**Provided material**
##########
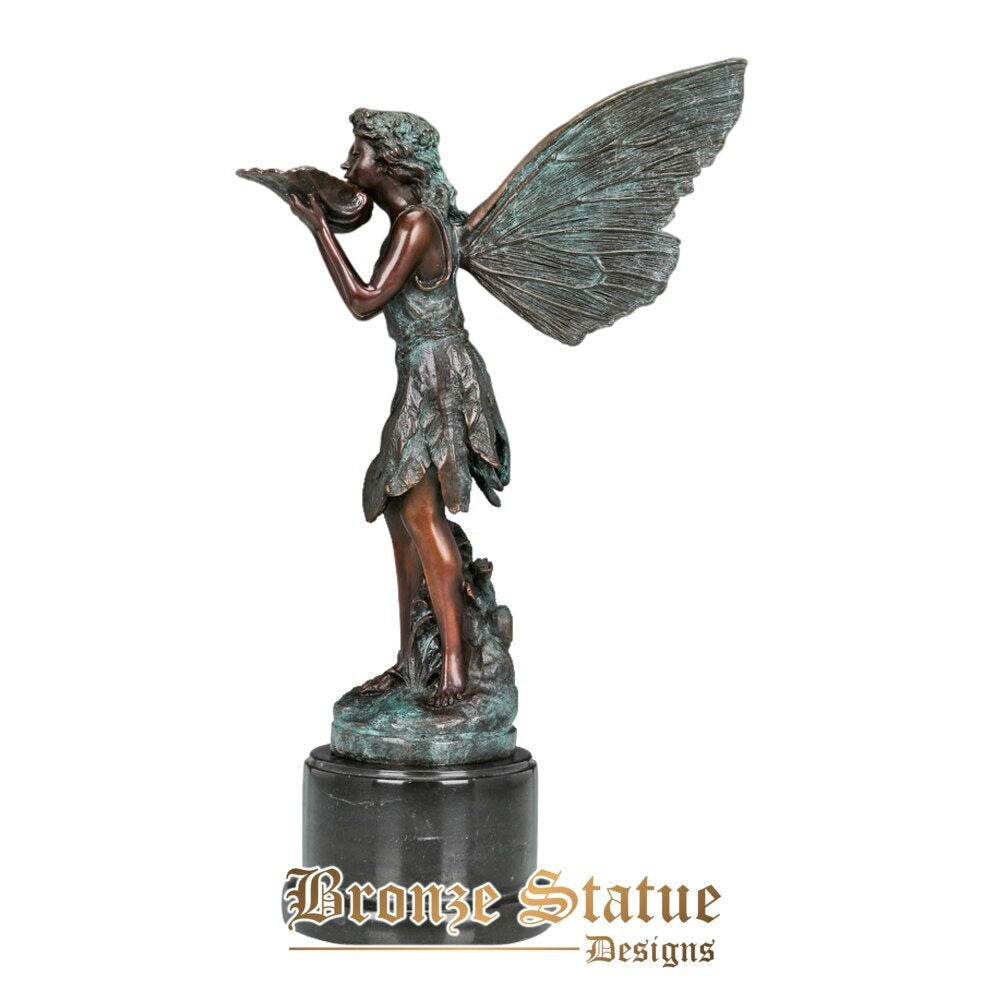 Estatueta de estátua de fada de bronze estatueta de menina anjo escultura de arte moderna estatueta de arte moderna para decoração de quarto infantil presentes de aniversário menina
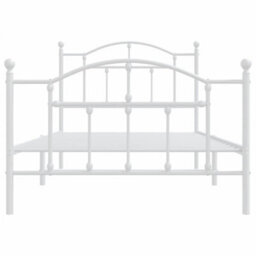 Berkfield Metal Bed Frame With Headboard And Footboard White 100X190 Cm - thumbnail 5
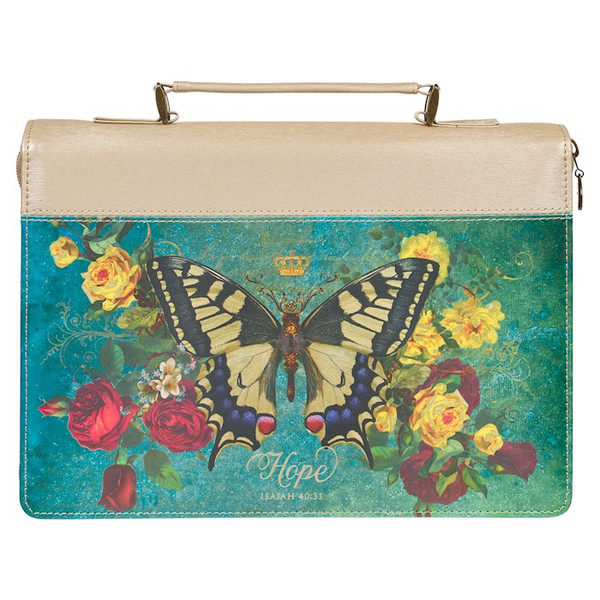 Bible Cover-Fashion Taupe/Butterfly Printed Hope Isa. 40:31-MED by Christian Art Gift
##########
**About this task**
Leaving the pictures out, output each line of the listing exactly.

**Written response**
 Estatueta de estátua de fada de bronze estatueta de menina anjo escultura de arte moderna estatueta de arte moderna para decoração de quarto infantil presentes de aniversário menina
 Berkfield Metal Bed Frame With Headboard And Footboard White 100X190 Cm - thumbnail 5
 Bible Cover-Fashion Taupe/Butterfly Printed Hope Isa. 40:31-MED by Christian Art Gift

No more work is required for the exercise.